Les musulmans ont alors attaqué les bouddhistes, en tuant huit, dans la nuit de jeudi à vendredi, a-t-il précisé.

«Les corps étaient en sang, comme après avoir été battus, torturés à mort à l'aide d'objets contondants. Les hommes se sont servis de bouts de bois provenant de sommiers et de manches à balai», a précisé Rida Agustian, un des policiers chargés de la surveillance du centre de Belawan.

La cellule où a eu lieu la tuerie était «couverte de sang, sur les murs et par terre», a-t-il témoigné.

Interrogé par l'AFP, un des trois bouddhistes survivants a évoqué sa terreur. «Nous étions effrayés. Nous demandons au gouvernement indonésien de nous renvoyer immédiatement en Birmanie», a déclaré Kyawkyaw, qui ne porte qu'un nom.

Les violences ont éclaté après que les musulmans ont vu des photos des violences en Birmanie opposant leur communauté à des bouddhistes, qui ont fait 43 morts du 20 au 22 mars, a indiqué le directeur de la police locale, Endro Kiswanto.

«Ils ont vu des images des violences en Birmanie, dont des bâtiments en feu. Nous croyons que c'est à ce moment-là que les heurts ont éclaté», a-t-il expliqué.

Les 11 bouddhistes étaient les seuls non-musulmans parmi les 117 réfugiés et immigrés clandestins birmans que compte le centre. Ils avaient été arrêtés il y un an pour pêche illégale dans les eaux indonésiennes. Il ne leur restait plus qu'un mois à purger.

«Il ne s'agit pas d'une altercation, mais d'un passage à tabac», a estimé Yusuf Umardani, responsable du centre de détention.

Le Haut commissariat aux réfugiés (HCR) a dit «regretter» les incidents, appelant Jakarta à «éviter de nouvelles violences».

Les musulmans réfugiés au centre de Medan font partie de la communauté Rohingya, considérés par l'ONU comme l'une des minorités les plus persécutées de la planète.

Au nombre de 800 000 environ, les Rohingyas vivent confinés en État Rakhine, dans l'ouest de la Birmanie où, en 2012, des affrontements avec les bouddhistes avaient fait plus de 180 morts et 125 000 déplacés.

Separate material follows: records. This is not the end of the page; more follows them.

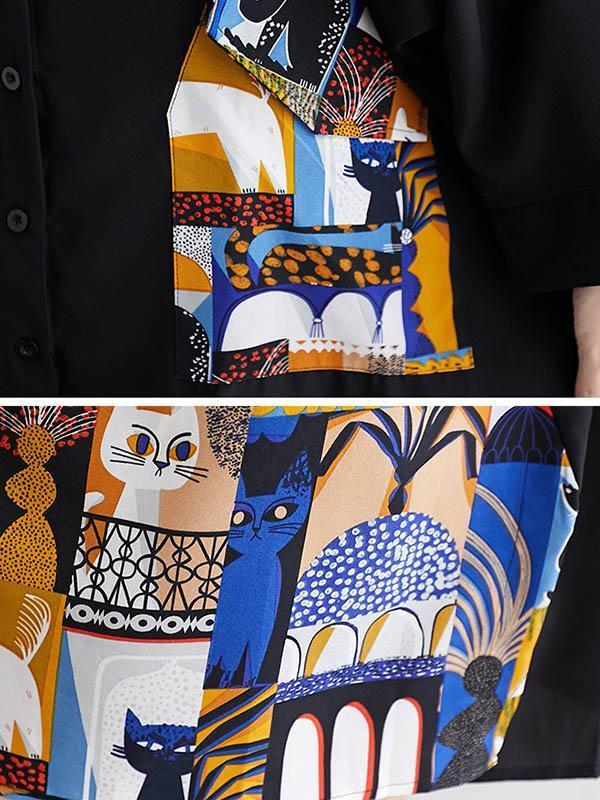 Original Cartoon Printed Round-Neck Shirt Dress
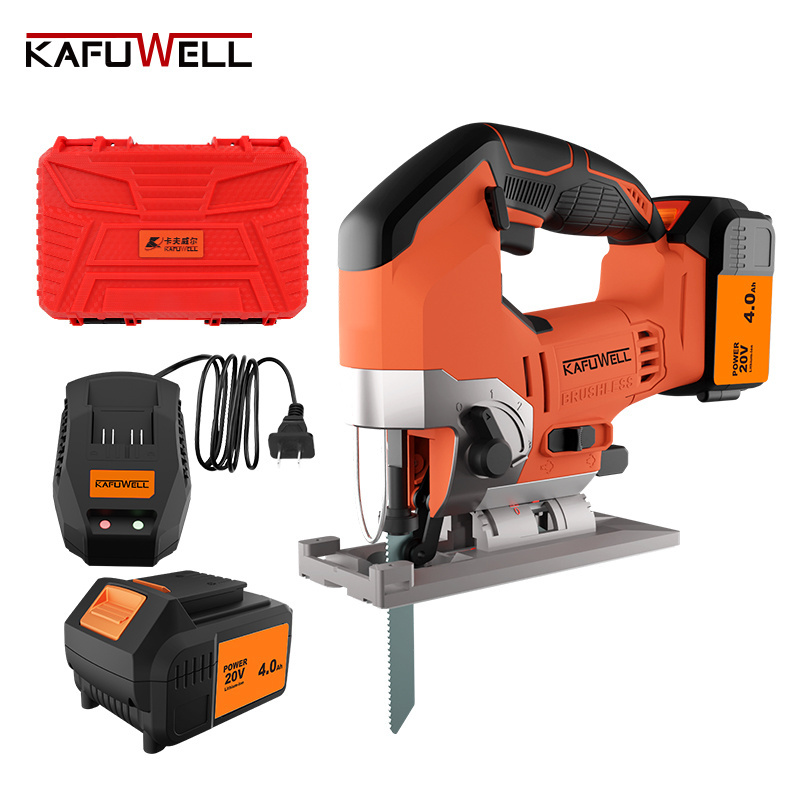 KAFUWELL PA4509HE-W-2 Portable Cordless Jig Saw 20v Lithium Battery 3000spm High Efficiency Electric Saw Wood Metal Cutting Tool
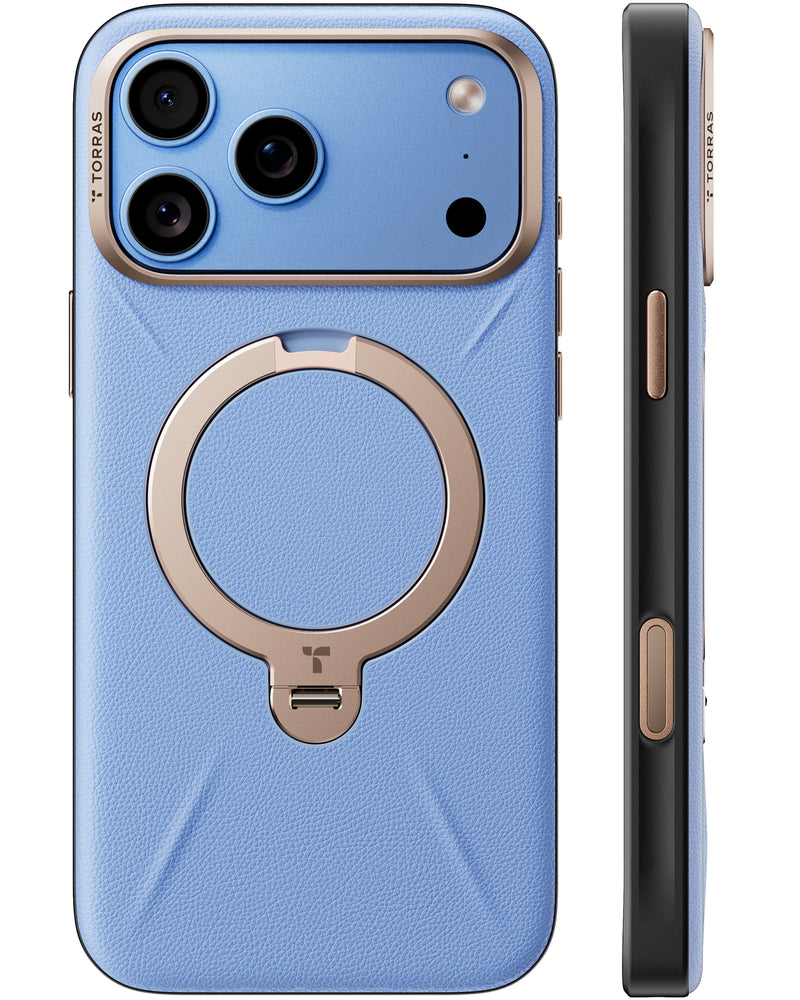 TORRAS VegSkin case in powder blue with a gold ring stand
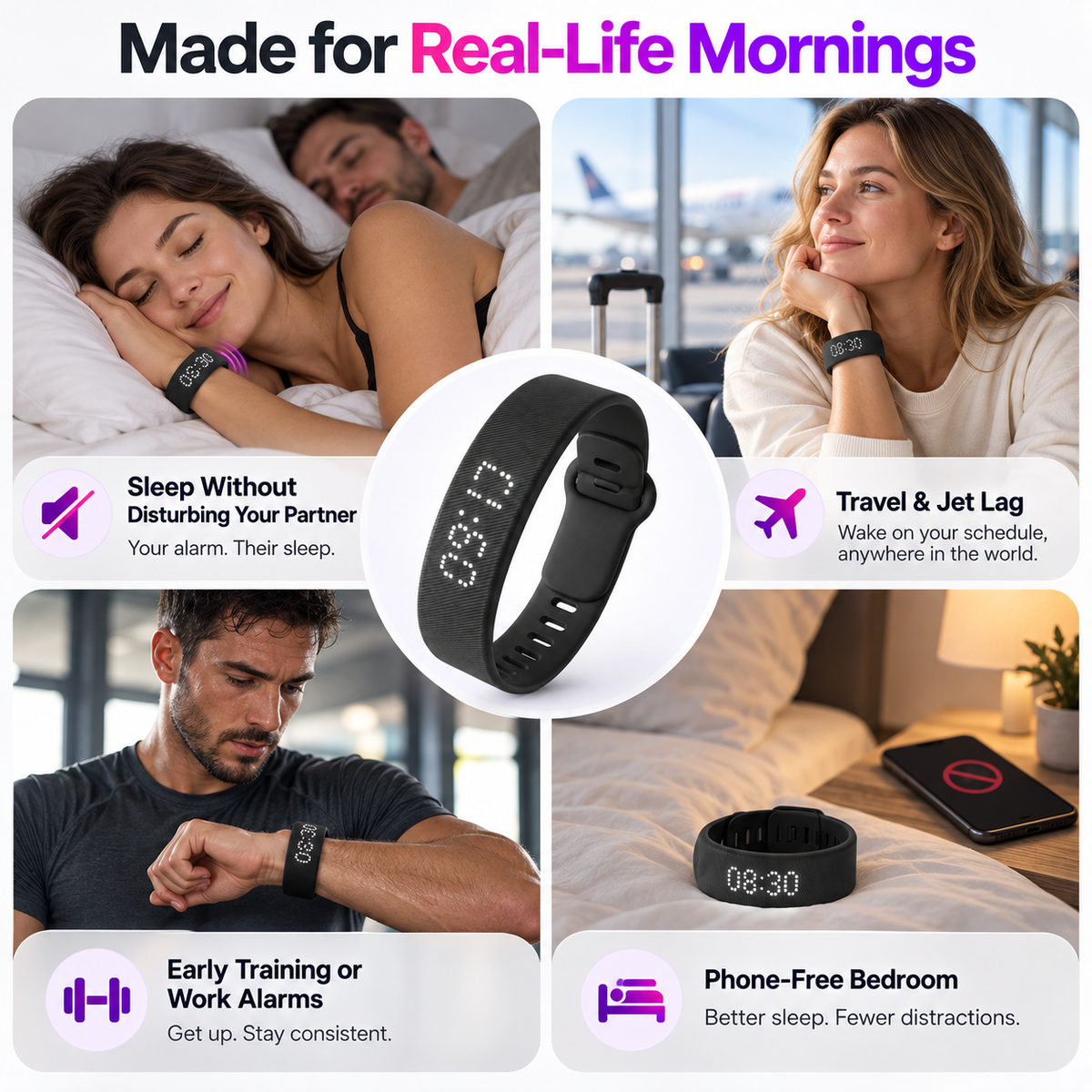Silent Vibration Wrist Alarm – Wearable Wake-Up Alarm with 2 Vibration Levels, 3 Alarms & 14+ Day Battery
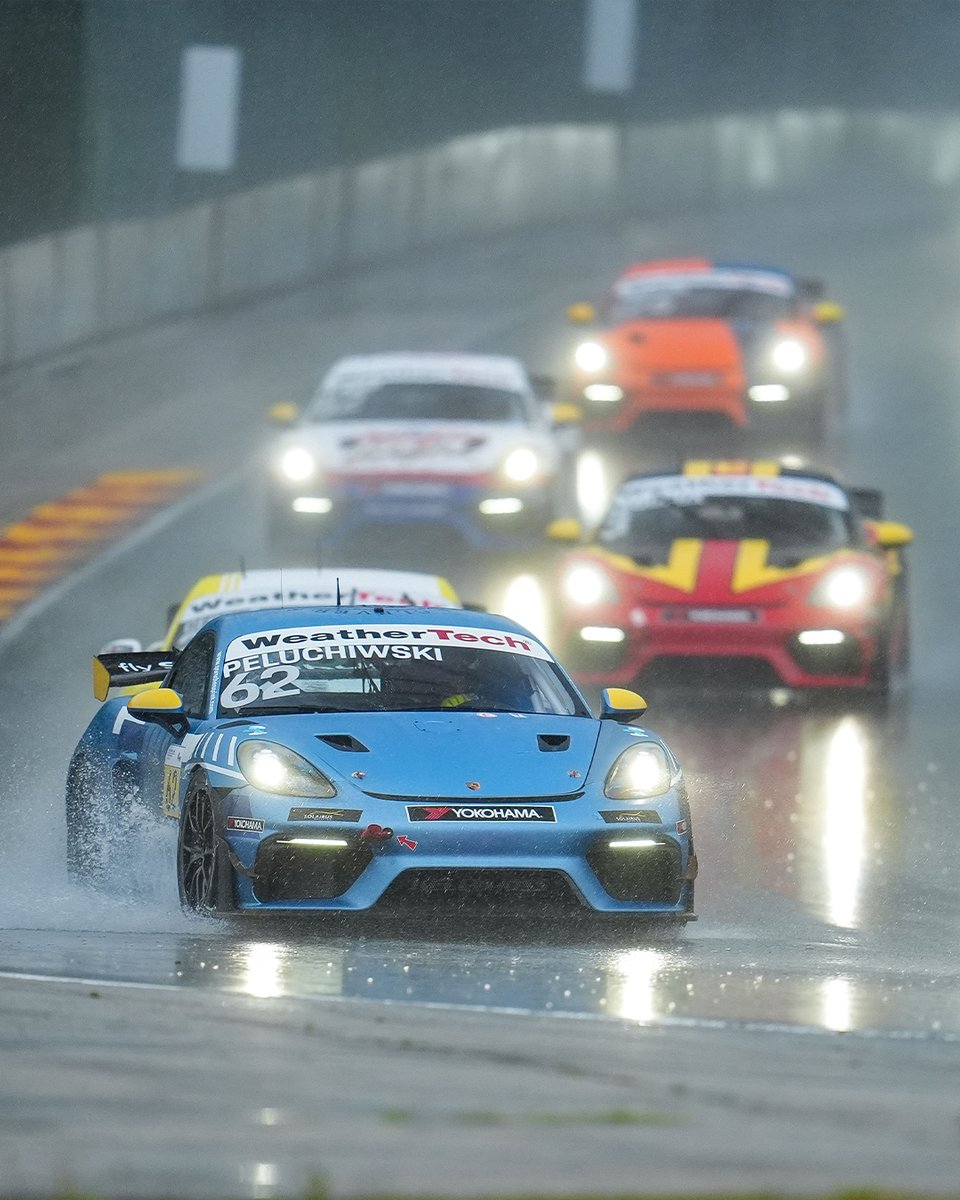 YokohamaTC's tweet photo. The storms came, the track bit back, and the racing delivered. Road America shook up the standings and all eyes are on Watkins Glen for Round 6 as the championship fight intensifies.

#yokohamatire #ADVAN #Porsche #SprintChallengeNA https://t.co/DG25I16WDN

Fuyant les violences, plus de 13 000 Rohingyas ont pris la mer en 2012 de Birmanie et du Bangladesh, selon les Nations unies. Mais la Thaïlande voisine a récemment indiqué qu'elle n'accepterait plus de réfugiés birmans après en avoir déjà recueilli près de 6000 ces derniers mois, poussant les Rohingyas à trouver de plus en plus refuge en Indonésie.

Ils sont actuellement des centaines à avoir trouvé refuge dans l'archipel, pays musulman le plus peuplé de la planète, et en particulier sur l'île de Sumatra, qui pratique un islam rigoureux.

Les violences religieuses jettent une lumière crue sur les tensions persistantes entre bouddhistes et musulmans en Birmanie, ternissant l'image d'un pays qui a su sortir de l'état de paria grâce à une série d'audacieuses réformes depuis le départ de la junte militaire.